LESSONS TO BE LEARNED: CONCLUSION
HTA started as an academic activity by initiative and efforts of individual researchers in the late 1980s, not yet recognized by national health policy, received international regard long before national attention, convinced with early singular projects on over- or misuse of health technologies with some/good impact in the mid 1990s, received increasing attention until approximately 2005, and was then, after 25 years of small-scale activities rewarded with an institutionalization in the form of an academic institute, namely the Ludwig Boltzmann Institute of Health Technology Assessment. In recent years, HTA has been used as a method to support policy preferably where there are already existent policy instruments for implementation. Those are:
• The Single Procedure Catalogue on interventions offered in hospitals: all new interventions that receive reimbursement have to go through an evaluative process.
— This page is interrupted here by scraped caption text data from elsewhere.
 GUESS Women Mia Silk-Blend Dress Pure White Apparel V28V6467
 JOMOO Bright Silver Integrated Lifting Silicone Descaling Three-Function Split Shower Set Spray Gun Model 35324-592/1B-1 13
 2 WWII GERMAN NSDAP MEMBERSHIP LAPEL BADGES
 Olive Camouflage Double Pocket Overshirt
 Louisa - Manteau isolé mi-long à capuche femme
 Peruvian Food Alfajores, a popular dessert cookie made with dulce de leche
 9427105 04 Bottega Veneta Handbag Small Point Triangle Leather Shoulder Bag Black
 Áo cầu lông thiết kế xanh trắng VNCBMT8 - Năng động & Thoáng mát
Some HTAs have been used for such decisions first in 2008, the role of HTA will be enforced.
• The Basic Benefit Catalogue of the health insurances and the “positive” list of the interventions and medicaments that are reimbursed: HTA has been used for evaluations of pharmaceuticals that are under “access-control.”
• Institutional Hospital Drug Commissions are using HTA increasingly as the basis for “consensus-conferences” on decisions about the appropriate use of pharmaceuticals.
• Hospital Departments on Investment Planning, including for ITs, are increasingly using HTA for considerations on organizational changes coming along with IT implementations (e.g., Telestroke).
• In the Planning of Preventive Programs (Screening and Vaccination), HTA has been used (predictive genetic testing or colon screening) to define requirements and measures for quality assurance.
• In the Regional Planning of low-frequency elective surgery (“concept of minimal-frequency”) or high-cost interventions (e.g., intensive care) HTA has been used.
• The Development of Clinical Guidelines by clinicians is accompanied by HTA teams in systematic methodology.
• The demand for HTA as a management skill is increasing, especially in the peer group of “young university professors” striving for management positions.
Health Technology Assessment Is Product- and Process-Oriented
The actual production of assessments for decision support is as important as the support of the process of decisions for change. Additionally, shaping the public understanding of science (characterized by the intrinsic belief that all new medical interventions provide added value to the healthcare system) is part of Health Technology Assessment. The next steps already foreseen to come are a formal and obligatory linking to reimbursement decisions and a national comprehensive strategy for HTA in Austria.